**Work instruction:**
The material below includes pictures; leave them out and return only the lines between the line containing "Once you have" and the line containing "You're setting up", inclusive, word for word.

**Exercise data:**
____________________
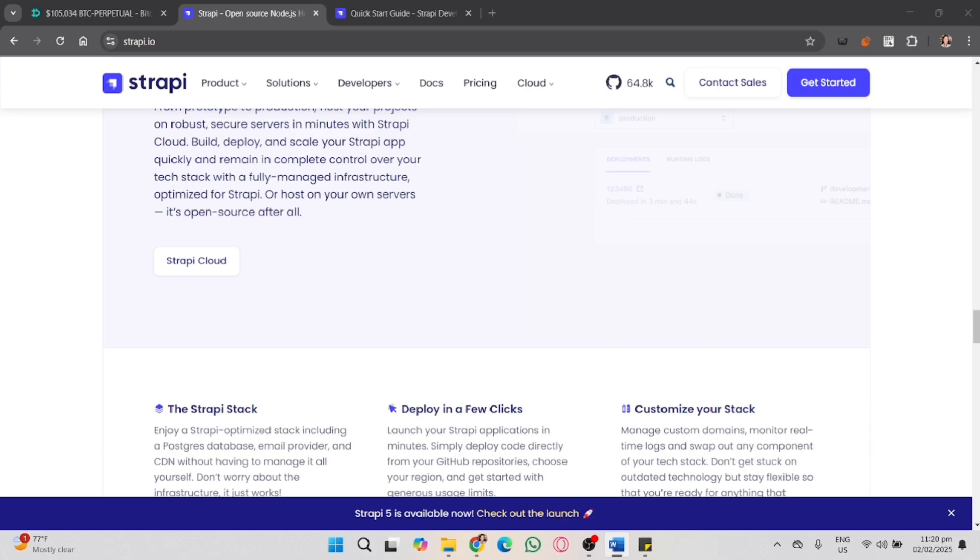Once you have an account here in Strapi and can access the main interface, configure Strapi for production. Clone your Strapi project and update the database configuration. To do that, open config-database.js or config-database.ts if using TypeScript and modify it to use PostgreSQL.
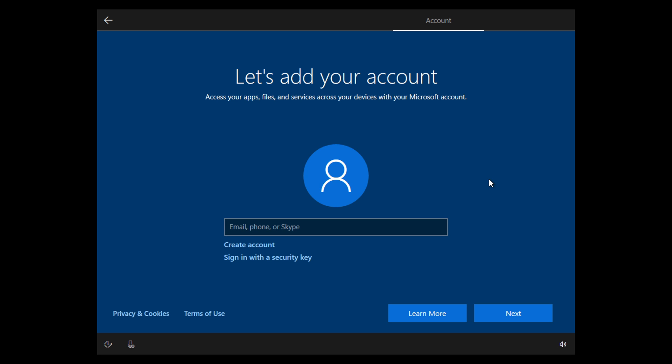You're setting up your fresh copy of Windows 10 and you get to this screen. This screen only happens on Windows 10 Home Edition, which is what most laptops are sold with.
____________________
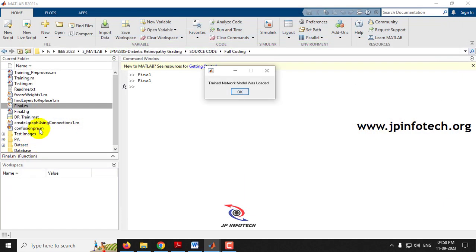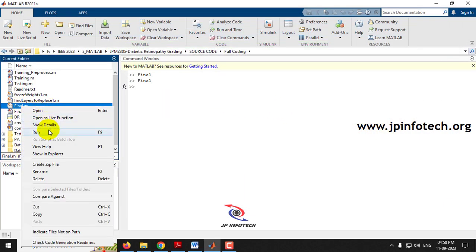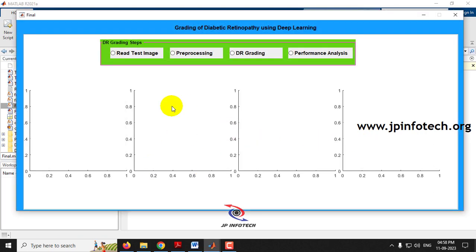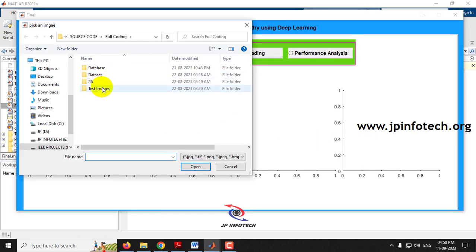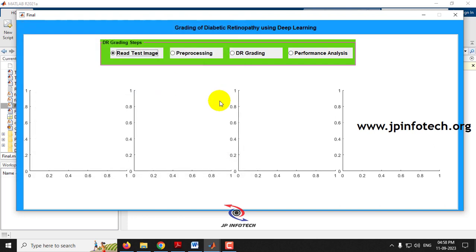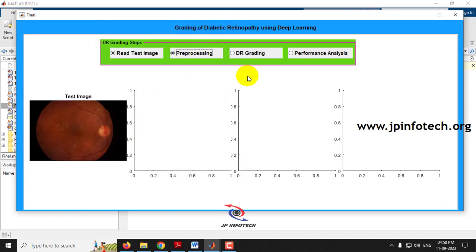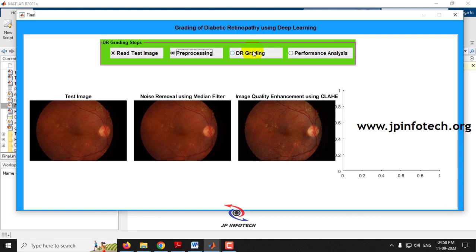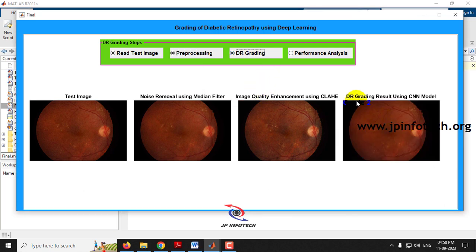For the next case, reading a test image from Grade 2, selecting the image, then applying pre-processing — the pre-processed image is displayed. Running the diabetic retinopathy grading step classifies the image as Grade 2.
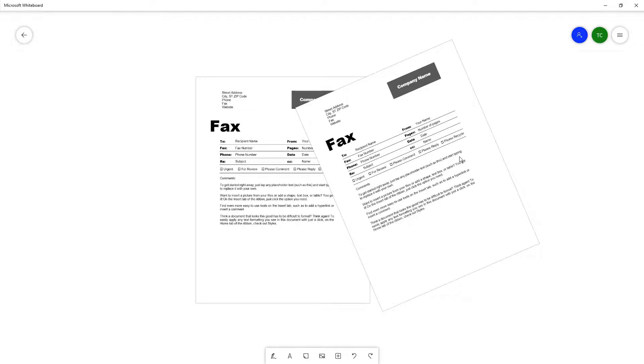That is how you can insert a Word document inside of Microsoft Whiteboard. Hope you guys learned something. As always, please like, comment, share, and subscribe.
____________________
**Response to the task:**
Once you have an account here in Strapi and can access the main interface, configure Strapi for production. Clone your Strapi project and update the database configuration. To do that, open config-database.js or config-database.ts if using TypeScript and modify it to use PostgreSQL.
You're setting up your fresh copy of Windows 10 and you get to this screen. This screen only happens on Windows 10 Home Edition, which is what most laptops are sold with.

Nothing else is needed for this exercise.